Esearch-db necleotide-query ' chn-js-2014 ' | Efetch-format GB > 55.fasta #下载的格式和在NCBI里的界面结果显示一样.

LOCUS KP75789225420bp Ss-rna Linear VRL --dec- -DEFINITION porcine DeltaCoronavirus isolate CHN-js- the, complete genome. Accession kp757892version KP757892.1KEYWORDS. SOURCE Porcine DeltaCoronavirus organism porcine DeltaCoronavirus Viruses; ssRNA viruses; ssRNA Positive-strand viruses, no DNA stage; Nidovirales; Coronaviridae; Coronavirinae.reference1(Bases1To25420) AUTHORS dong,n., fang,l., Zeng,s., Sun,q., Chen,h. and Xiao,s. TITLE Porcine DeltaCoronavirusinchMainland China JOURNAL emerging infect. Dis. +( A),2254-2255( -) PUBMED26584185REFERENCE2(Bases1To25420) AUTHORS dong,n., fang,l., Zeng,s., Sun,q. and Xiao,s. TITLE Direct Submission JOURNAL submitted ( .-feb- -) State Key Laboratory of agricultural Microbiology, Huazhong agricultural University,1Shizishan Street, Wuhan, Hubei430070, Chinacomment # #Assembly-data-start## sequencing technology:: Sanger dideoxy sequencing # #Assembly-data-end# #FEATURES Location/Qualifiers ..... 
。。。。。
。。。。 Gene22797..23048/gene="E"/locus_tag="PDCOV-CHN-JS-2014_GP3"CDS22797..23048/gene="E"/locus_tag="PDCOV-CHN-JS-2014_GP3"/codon_start=1/product="Envelope protein"/protein_id="AKC54443.1"/translation="MVVDDWAVTIPGQYIIAILVVICIGVALLFINTCLACVKLFYKCYlgaaylvrpiivyyskpnpvpedefvkvhqfprnthyv"Gene23041..23694/gene="M"
。。。。。。
。。。。。。。

Linux command line downloads NCBI data using Entrez Direct

Contact Us

The content source of this page is from Internet, which doesn't represent Alibaba Cloud's opinion; products and services mentioned on that page don't have any relationship with Alibaba Cloud. If the content of the page makes you feel confusing, please write us an email, we will handle the problem within 5 days after receiving your email.
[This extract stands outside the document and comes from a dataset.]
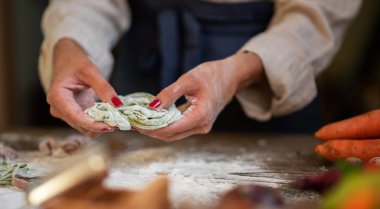 Ev yapımı makarna yapma süreci. Şef taze İtalyan geleneksel makarnası yapar. Domates soslu, peynirli, parmesanlı, fesleğenli ve sebzeli leziz İtalyan makarnası..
If you find any instances of plagiarism from the community, please send an email to: info-contact@alibabacloud.com and provide relevant evidence. A staff member will contact you within 5 working days.
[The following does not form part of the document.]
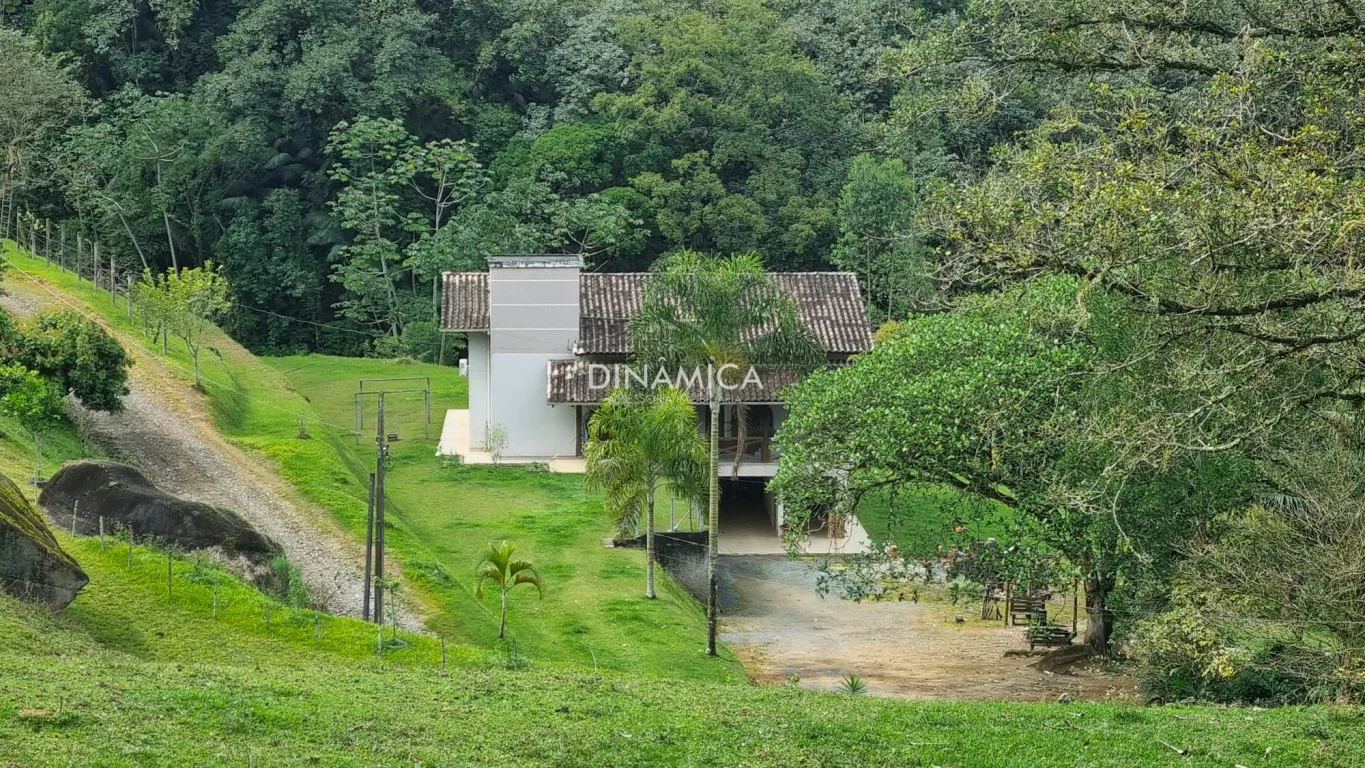 Excelente Sítio em Rio dos Cedros com amplo espaço , lagoa. pomar, horta, linda casa com 341 m2 — foto 2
A Free Trial That Lets You Build Big!

Start building with 50+ products and up to 12 months usage for Elastic Compute Service

  • Sales Support

    1 on 1 presale consultation

  • After-Sales Support

    24/7 Technical Support 6 Free Tickets per Quarter Faster Response

  • Alibaba Cloud offers highly flexible support services tailored to meet your exact needs.